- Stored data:
#####
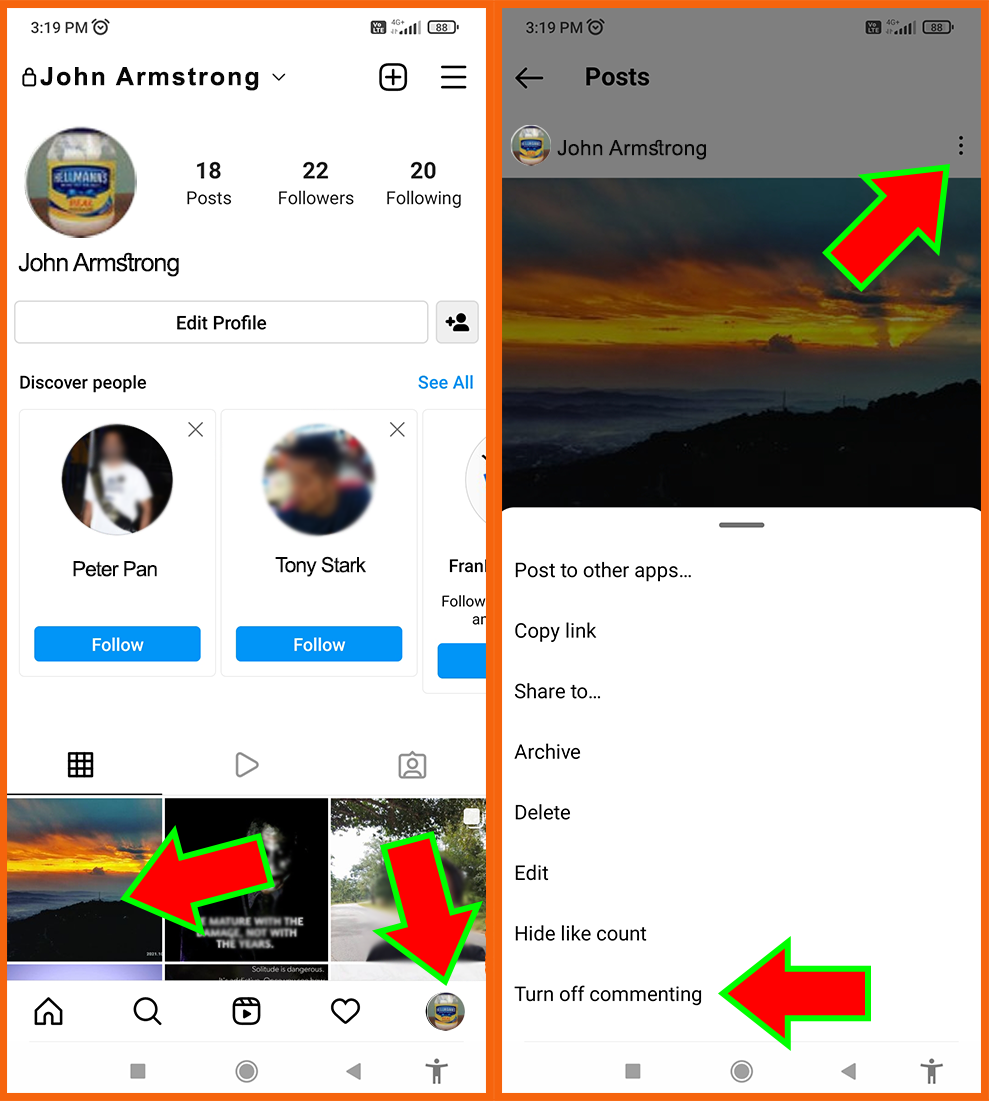 How to Stay Safe While Instagramming – TibCERT Knowledge Base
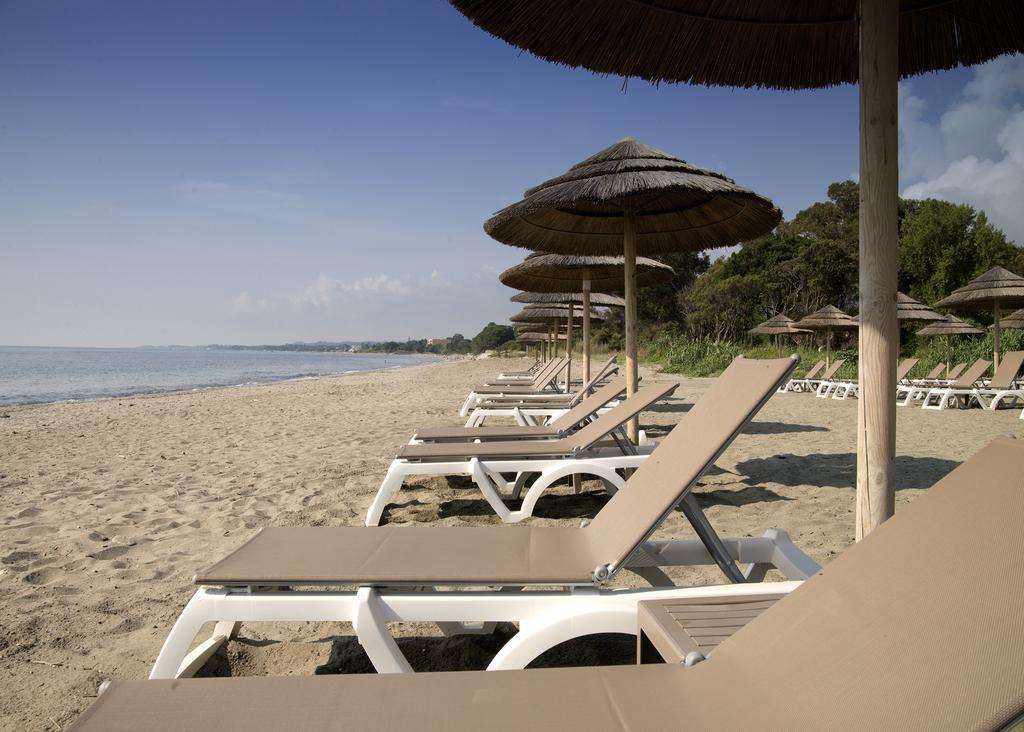 Residence Marea Resort Santa-Lucia-di-Moriani Zewnętrze zdjęcie
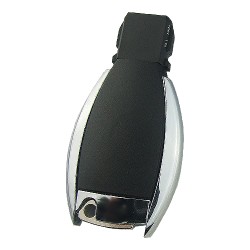 Xhorse Mercedes BGA Chrome Remote Key 3+1 Button 315-433MHz - 2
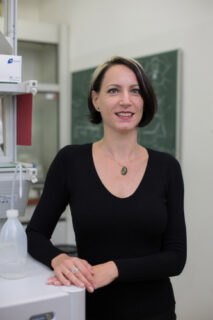 Dr. Nuška Tschammer (Foto: Erich Malter)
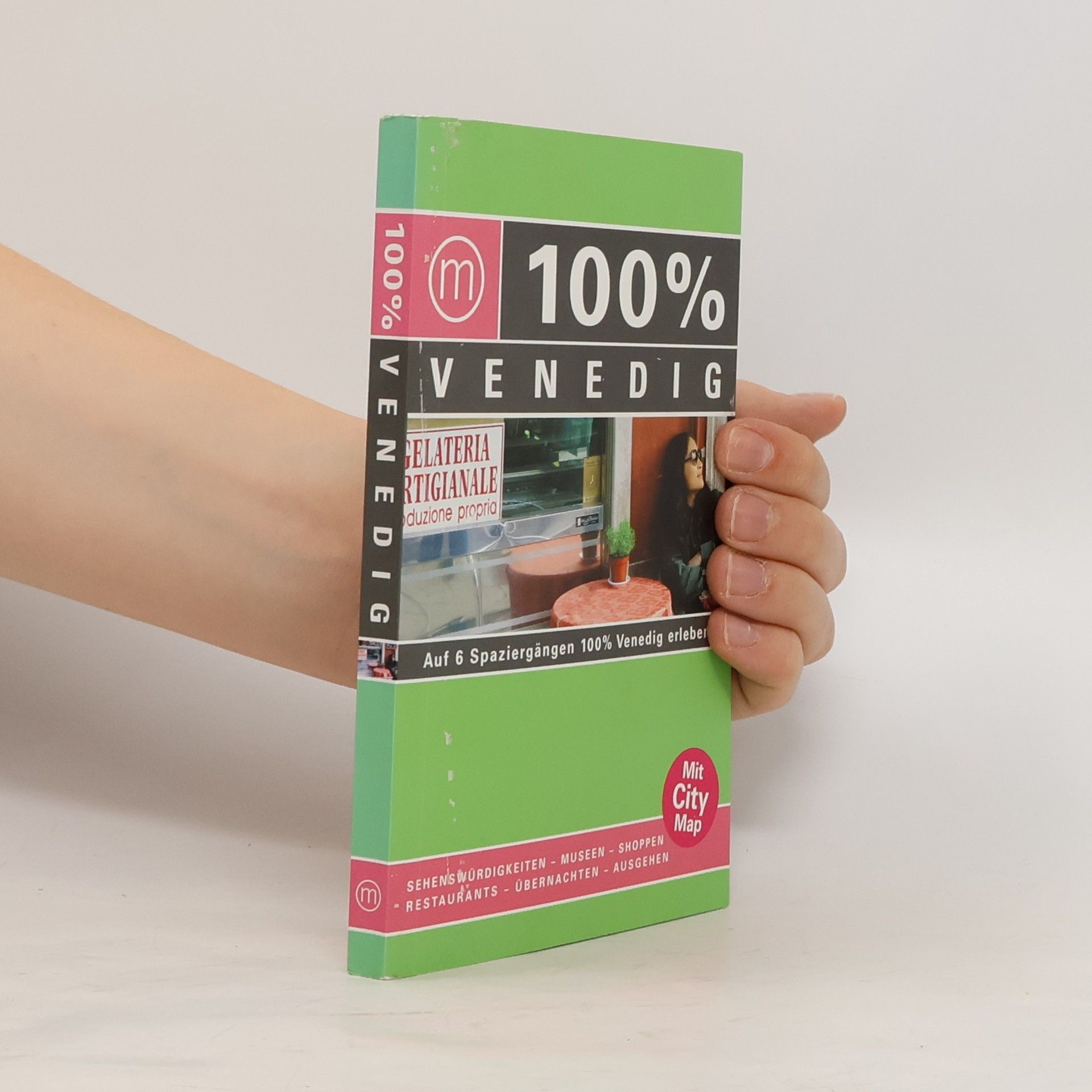 Karin Groneveld 100 % Venedig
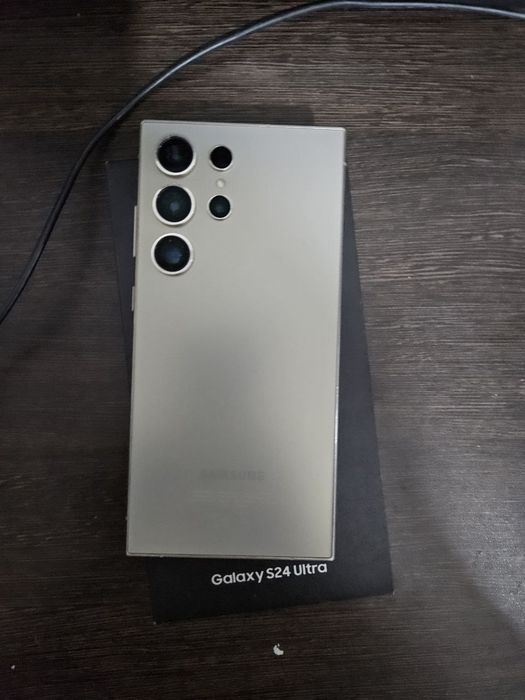 Samsung s24 Ultra обмен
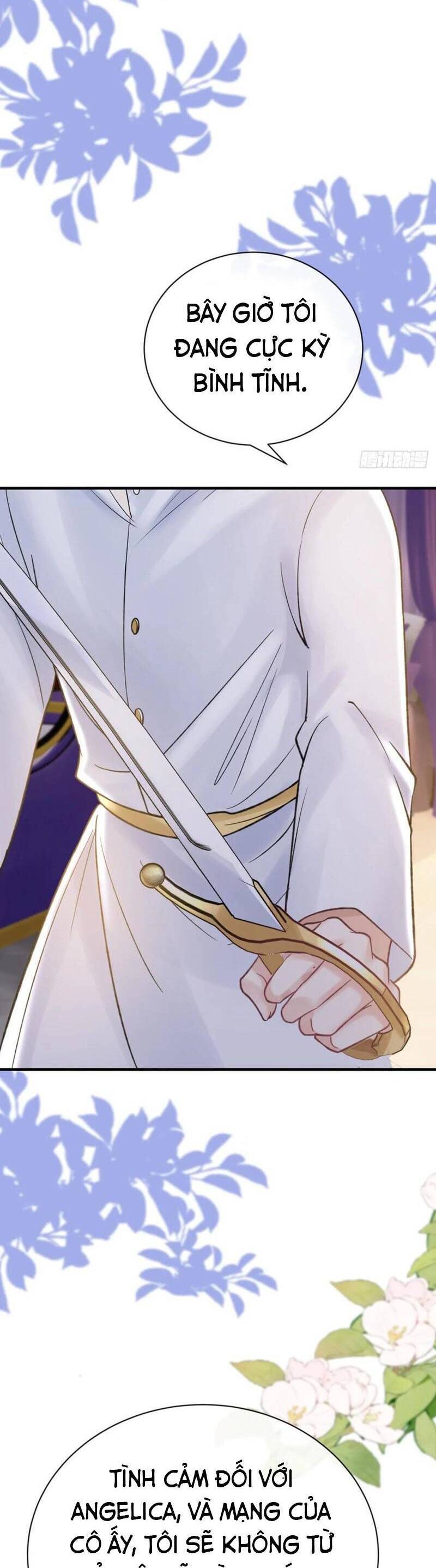 Ta Xuyên Về Hồi Nhỏ Của Đại Bạo Quân , Để Đánh Vỡ Bình Sữa Của Hắn Chap 27 - Next Chap 28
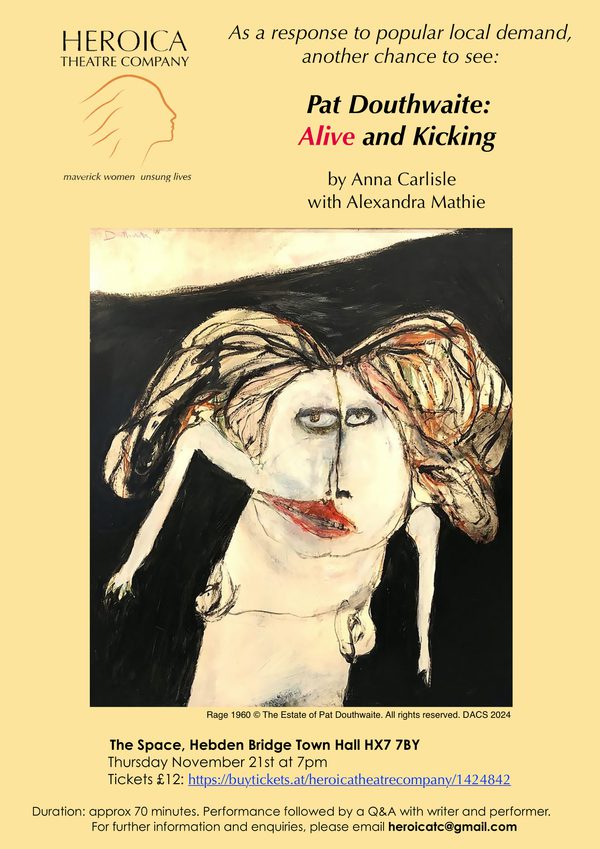 New performance November 21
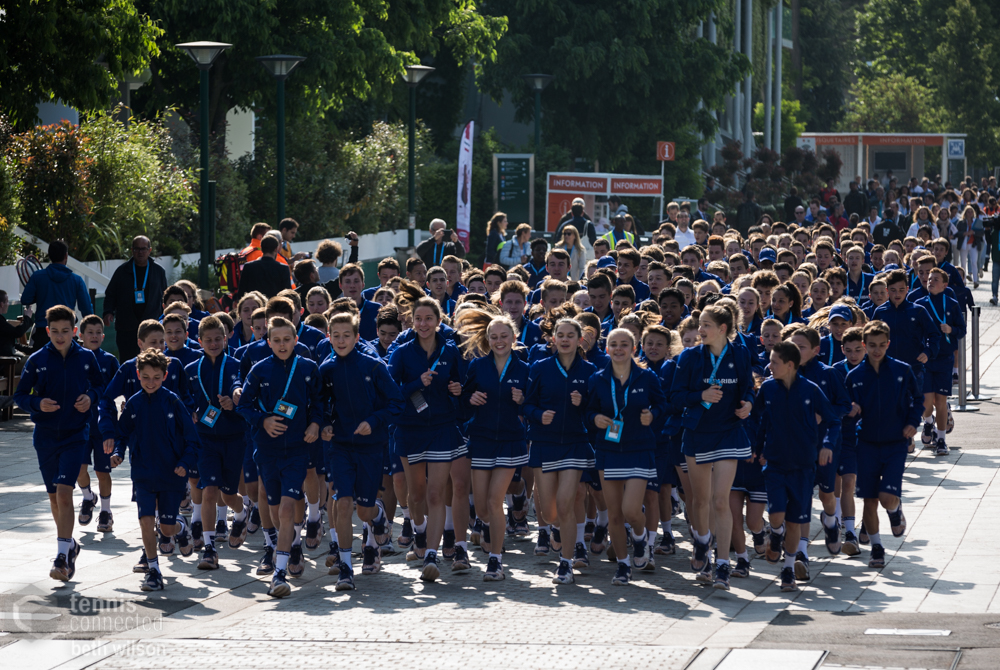 PODCAST: Ostapenko Surges; Nadal Records 10th French Open Title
#####
- EXERCISE:
Repeat all of the entries above word for word and omit the pictures.

- EXPECTED ANSWER:
 How to Stay Safe While Instagramming – TibCERT Knowledge Base
 Residence Marea Resort Santa-Lucia-di-Moriani Zewnętrze zdjęcie
 Xhorse Mercedes BGA Chrome Remote Key 3+1 Button 315-433MHz - 2
 Dr. Nuška Tschammer (Foto: Erich Malter)
 Karin Groneveld 100 % Venedig
 Samsung s24 Ultra обмен
 Ta Xuyên Về Hồi Nhỏ Của Đại Bạo Quân , Để Đánh Vỡ Bình Sữa Của Hắn Chap 27 - Next Chap 28
 New performance November 21
 PODCAST: Ostapenko Surges; Nadal Records 10th French Open Title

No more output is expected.